It all comes down to this: “Be nice and tell the truth all the time…”

Do you ever have one of those moments where someone says something in just a certain way, at a certain time, and you realize "That's IT! That's what it's all about!"  You have this incredible epiphany that you just don't need to say anything further, because the statement that was just made is so perfect it cannot be improved upon?

I had that moment yesterday. It has left me humbled and awed.

Yesterday, I was speaking at an assembly of 6th, 7th and 8th graders at Sultan Middle School. For the past 30 minutes, I was sharing with them the presentation "Street Smarts or SocialSmarts" and was explaining how being socially smart can get you more of what you want, more easily, and less of what you don't want.

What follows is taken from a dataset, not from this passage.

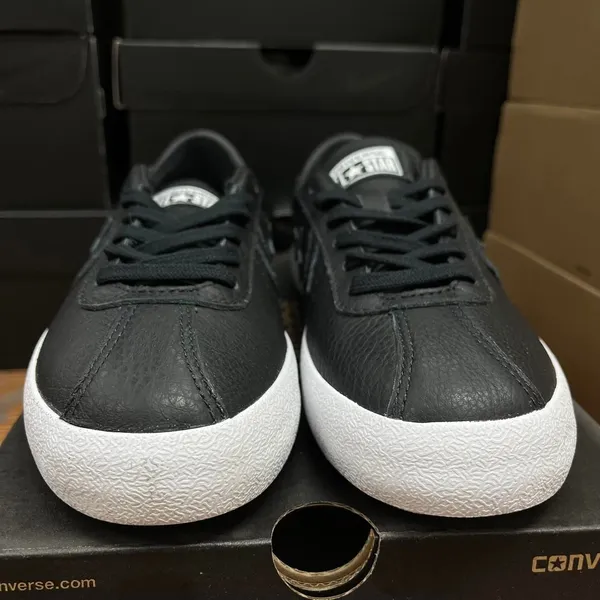 Converse Women's Black and Grey Trainers - Image 6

I had been exploring with the students the concept of getting parents "off your case" and getting them to treat the middle schoolers more like adults.  I asked for some shared comments from the audience on how they thought they could accomplish this.  Some of the responses I got were, "Do what parents ask you to do," or "don't give them attitude when they talk to you," and other similar responses. I thought I had just exhausted the question when I noticed there was a young student in the middle of the bleachers to my left.

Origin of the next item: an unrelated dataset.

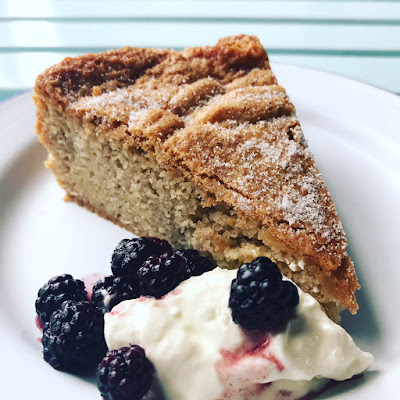 Apple and Cinnamon Cake Recipe - The Grazer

The student was small, fragile looking, actually. It was obvious there were some physical challenges, but when the student began to speak, it was clear there were some developmental issues as well. I asked if the student had something to add, and I was rewarded with a cheery "Yes!"  I asked, "What is it you'd like to tell us?" and got another "yes!" as a response. At this point, I have to tell you that, the entire student body had begun to quiet down to listen to the young student speak. I thought I would try again to prompt a response from our young participant.  "Did you want to tell us something about how to get more freedom and responsibility?" to which the student responded "Yes!"  I asked, "What do you think we should do then?"

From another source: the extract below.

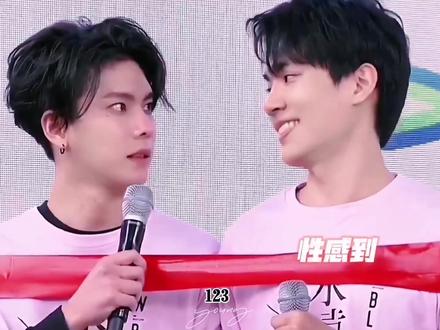 关于杨宇腾最性感泪痣的那些事
林老板多次手指泪痣·懂的都懂!
#林子闳 #杨宇腾 #samyu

The student clearly had difficulties getting the thoughts and words out, but everyone was patient and waited to hear what the speaker had to say. In halting phrases, the answer arrived, with enthusiam: "Um...you should, uh, be NICE. And tell THE TRUTH. ALL the time!" There was a brief moment of silence and then the audience erupted in applause and cheers for the young speaker.

My response was, "Well, if that doesn't say it all!  You didn't need to sit through 20 of my slides and 30 minutes of me talking...it all comes down to that, doesn't it:  Be nice and tell the truth."

I was marvelously moved by that whole experience, on many levels, and, frankly, I still am as I write this. First, that there was attention and respect for the young student as difficult as it might have been for the other students to be quiet and patient to hear the answer.  I was impressed that the young student was engaged and present to my presentation and was motivated to participate when asked. I was both humbled and honored to be part of such a truism in the answer, even if I just was the facilitator with my presentation. It's not often we are blessed with the opportunity to learn something when we were the ones "sent to teach."

The reality is, "Be nice and tell the truth" is such a simple message.  While it's simple, it's not always easy, however, to live that way, particularly in today's crazed world. But, just imagine how different things might be if we DID live this way?  We would have a society where people looked after each other and were courteous to one another. We could let our kids play in their neighborhoods without the worry of what might happen to them. Bullying and other anti-social behavior would stop before it even started. We could go back to taking someone's word for things and do business on a handshake. I could go on, but you get the idea.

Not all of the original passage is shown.